Materials profiling?


----------



## Boopop (21 May 2021)

I like Skol said:


> That is not about stereotyping or anecdotes, that is reality and you can't argue with that. You *are* part of a group that shares that characteristic.



What a load of nonsense, that's absolutely stereotyping and anecdotes, and I'd gladly argue with that. Where's your evidence? I don't mean "one time I saw" whataboutery, I mean bona fide hard empircial evidence. Honestly feels like I'm talking to someone from the Daily Mail.


----------



## matticus (21 May 2021)

Dogtrousers said:


> And under the wrong circs the victim could be just as dead. It is possible for a collision with a cyclist to be fatal to a pedestrian. Far less likely than with a car, but still possible.
> 
> Once you are over a certain threshold of Kinetic Energy sufficient to cause serious harm or to kill, the extra joules that the car has are just overkill.
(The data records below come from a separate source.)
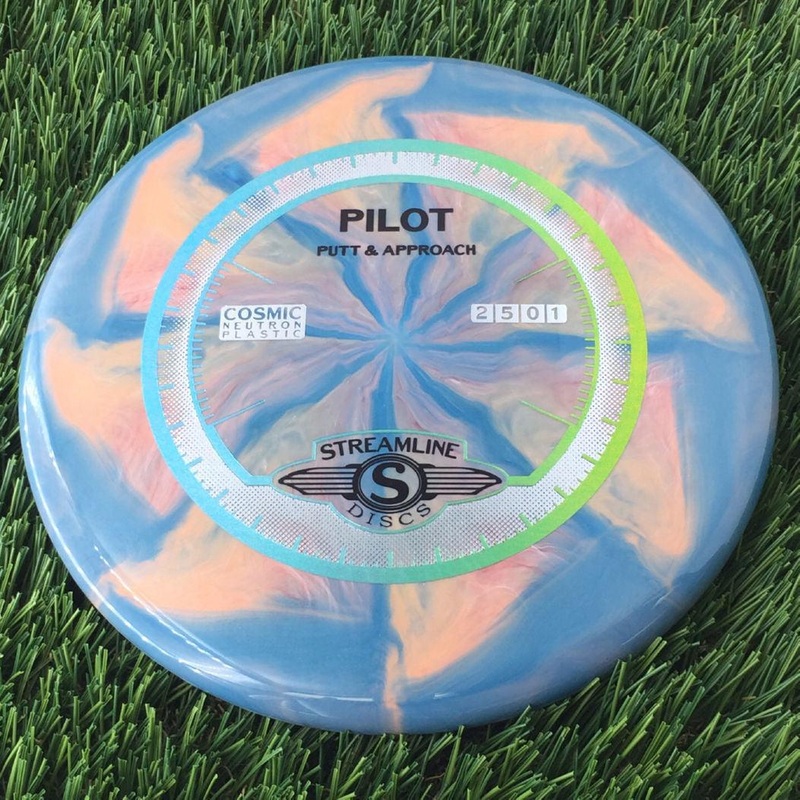 Streamline Cosmic Neutron – Streamline Pilot – 168g Blue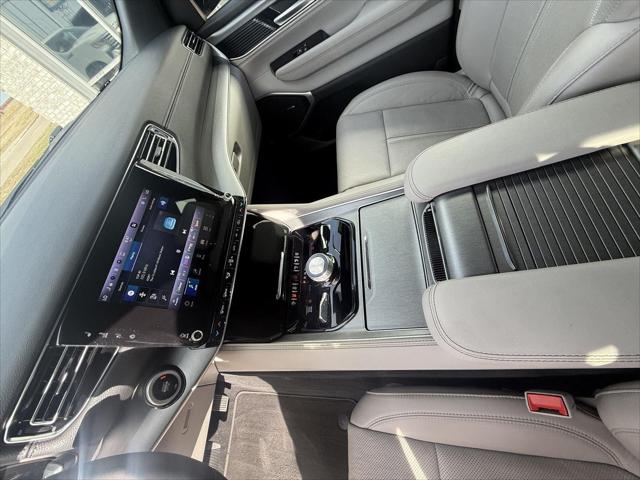 2025 Jeep Wagoneer Series III 4x4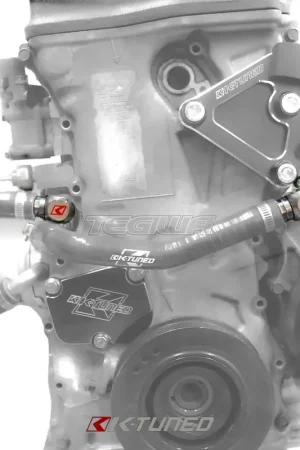 K-Tuned Oil Cooler Fittings (Side And Rear) with Hose End Special Discount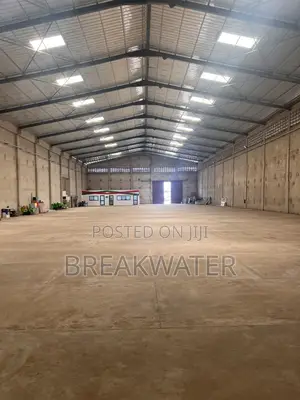 Warehouse for Rent- Tema Motorway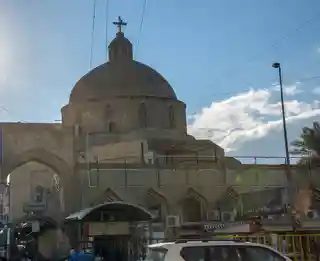 St. Joseph's Cathedral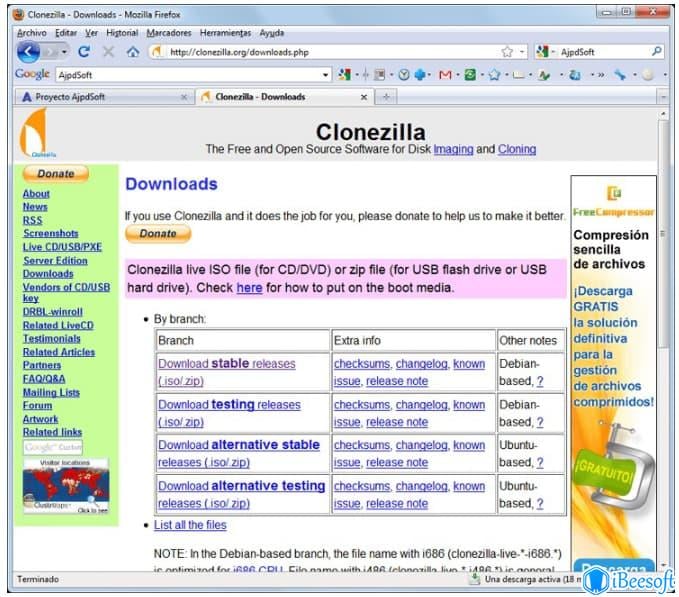 sandisk cloning software free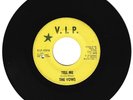 NORTHERN SOUL 45 RPM - THE VOWS ON V.I.P. RECORDS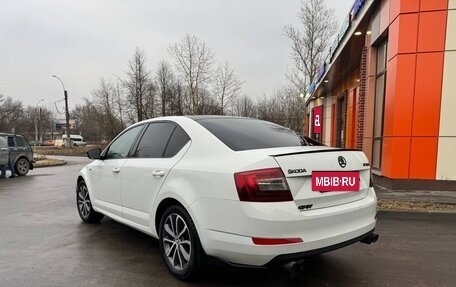 Skoda Octavia, 2016 год, 1 590 000 рублей, 4 фотография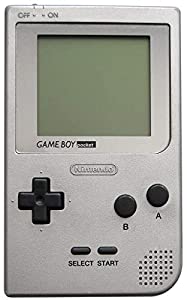 Nintendo Game Boy Pocket silber verkaufen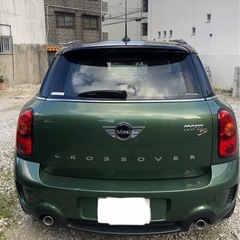 MINIクロスオーバー ディーゼル車の画像
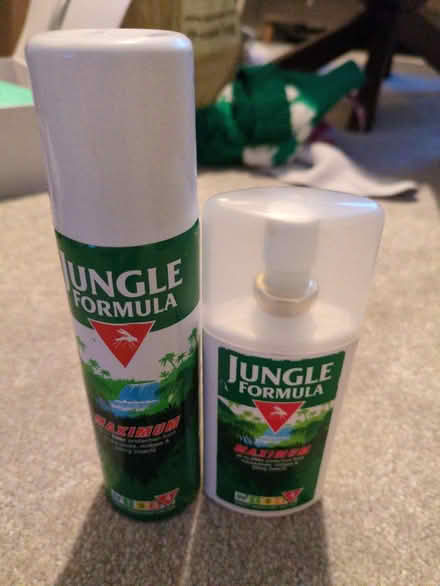 Photo of free Mosquito spray (Terenure) #1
That's not the case until you reach a pretty massive amount of KE. Remember the adverts about cars doing 30mph hitting kids, -vs- hitting them at 20mph?

It's ENORMOUSLY difficult to kill people with bikes, and we know that cyclists come off pretty badly in collisions too, so unlike drivers they try very hard to avoid such impacts.


----------



## mjr (21 May 2021)

I like Skol said:


> Collective judgement is not 'a load of bull s*#£'. It always has and always will be an actual issue [...]


Those are not opposites. It can be both. It's an actual bull shoot issue. We should point it out as such, not pander to it.



I like Skol said:


> Many roads are being closed across the country purely to prevent use by 4x4s and while the closure removes the access for all vehicles, it is purely done to prevent illegal and irresponsible 4x4 use.


Is that true? How many roads? The ones I know locally on the fens and around the Norfolk coast are being closed to prevent legal but irresponsible use by all sorts of motor vehicles. Some of the closures are temporary to let the surface recover and the grass grow back.

If irresponsible 4x4 use was already illegal, what use is the closure? That sounds the same sort of bull shoot as not allowing bikes into suitably quiet/wide pedestrian zones because illegal riders were crashing into people or things: the irresponsible ones are doing it anyway and the vast majority of riders fined made a mistake (didn't spot the signs, didn't know the area, whatever) and wouldn't have harmed a fly, but they're the only ones who stop for police and they take up all police time so no-one ever catches the dangerous ones!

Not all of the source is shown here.